Hedge funds typically trade convertible securities - which are fixed-income instruments that can be converted into stock - by buying the convertible and shorting the stock.
Despite the seeming euphoria over the offering, however, analysts said the deal was priced so cheaply because of the amount of uncertainty surrounding Lucent.
"Many outrights probably won't want to take the credit risk here," said Cohen.
Lucent's debt rating has tumbled since it lost its investment-grade status in June, as market conditions have continued to deteriorate and the company has had trouble raising the cash necessary for its restructuring plans.
On Wednesday, Moody's cut Lucent's debt two notches to Ba3 from Ba1, a day after a similar move by Standard & Poor's, which sliced its rating to double-B-minus from double-B-plus.
The convertibles will be rated B3 by Moody's and single-B-minus by S&P.
Lucent needs to amend its credit facility to go forward with Phase II of its restructuring plan, which it said last week would result in a $7 billion to $9 billion restructuring charge in the current quarter.
Moody's and S&P will keep Lucent's rating on review for possible downgrade until the company reached a new agreement with its bankers. Moody's rating was dependent upon the successful sale of the convertibles, as well.
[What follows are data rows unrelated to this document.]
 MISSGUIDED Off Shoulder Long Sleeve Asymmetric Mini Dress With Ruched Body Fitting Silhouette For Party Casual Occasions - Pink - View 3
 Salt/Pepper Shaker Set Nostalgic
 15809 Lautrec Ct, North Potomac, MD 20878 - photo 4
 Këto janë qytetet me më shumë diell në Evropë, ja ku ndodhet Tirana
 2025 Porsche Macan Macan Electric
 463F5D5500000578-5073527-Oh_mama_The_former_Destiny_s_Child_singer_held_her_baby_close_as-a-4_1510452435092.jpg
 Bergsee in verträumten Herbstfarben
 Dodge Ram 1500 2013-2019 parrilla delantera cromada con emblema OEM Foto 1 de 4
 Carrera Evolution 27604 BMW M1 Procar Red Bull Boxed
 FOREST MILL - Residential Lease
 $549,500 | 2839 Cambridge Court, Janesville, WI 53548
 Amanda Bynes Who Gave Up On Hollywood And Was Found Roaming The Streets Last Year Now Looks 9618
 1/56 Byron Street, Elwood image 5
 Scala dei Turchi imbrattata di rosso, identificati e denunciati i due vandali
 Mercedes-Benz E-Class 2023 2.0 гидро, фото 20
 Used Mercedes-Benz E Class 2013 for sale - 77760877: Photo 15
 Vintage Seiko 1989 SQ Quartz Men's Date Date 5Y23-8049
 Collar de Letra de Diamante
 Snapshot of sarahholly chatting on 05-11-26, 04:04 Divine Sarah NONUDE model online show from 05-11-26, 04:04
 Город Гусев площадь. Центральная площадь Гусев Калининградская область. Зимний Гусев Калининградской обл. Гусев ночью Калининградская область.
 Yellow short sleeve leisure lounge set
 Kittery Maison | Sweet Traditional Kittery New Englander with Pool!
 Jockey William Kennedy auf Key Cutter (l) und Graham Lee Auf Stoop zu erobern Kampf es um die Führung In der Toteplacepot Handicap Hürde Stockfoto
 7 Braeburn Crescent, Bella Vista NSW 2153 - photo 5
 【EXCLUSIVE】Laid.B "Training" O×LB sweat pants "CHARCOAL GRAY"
Lucent also must raise at least $2.5 billion to complete its spin-off of its Agere Systems Inc. (AGRA). Under proposed credit facility amendments filed by Lucent Wednesday with the Securities and Exchange Commission, the company would have to raise a significant amount of additional liquidity to sell its remaining Agere stake.
In the filing, Lucent said it expects to generate a "substantial" portion of the required liquidity by selling its optical fiber business, its Oklahoma and Ohio manufacturing operations, and its convertible preferred stock offering.
"This funding is likely to fill up the remaining funding gap they have given current restructuring plan," said Kusuma, noting that cash accounts for $2 billion of the charges.
Cash Isn't King Beyond concern about Lucent's financial conditions, convertible investors were also worried about covenants in the current credit facility that would prohibit holders of the securities from being paid their dividends in cash.
In Wednesday's SEC filing, Lucent said it was seeking consent to pay cash dividends on its preferred stock. Otherwise, investors would be paid in stock.
In a conference call with institutional investors Wednesday, a Lucent spokesman expressed what one investor called a "fairly high level of confidence" that banks would allow for dividends to be paid in cash, and that it will be resolved "fairly quickly." But the investor, a hedge fund manager, said he wasn't too concerned about the restriction, saying, "we'll get our money in one form or another." Lucent spokeswoman Michelle Davidson declined to comment on the convertible offering. She also declined comment on the specifics of the credit facility, saying only that Lucent believes it will be able to amend it.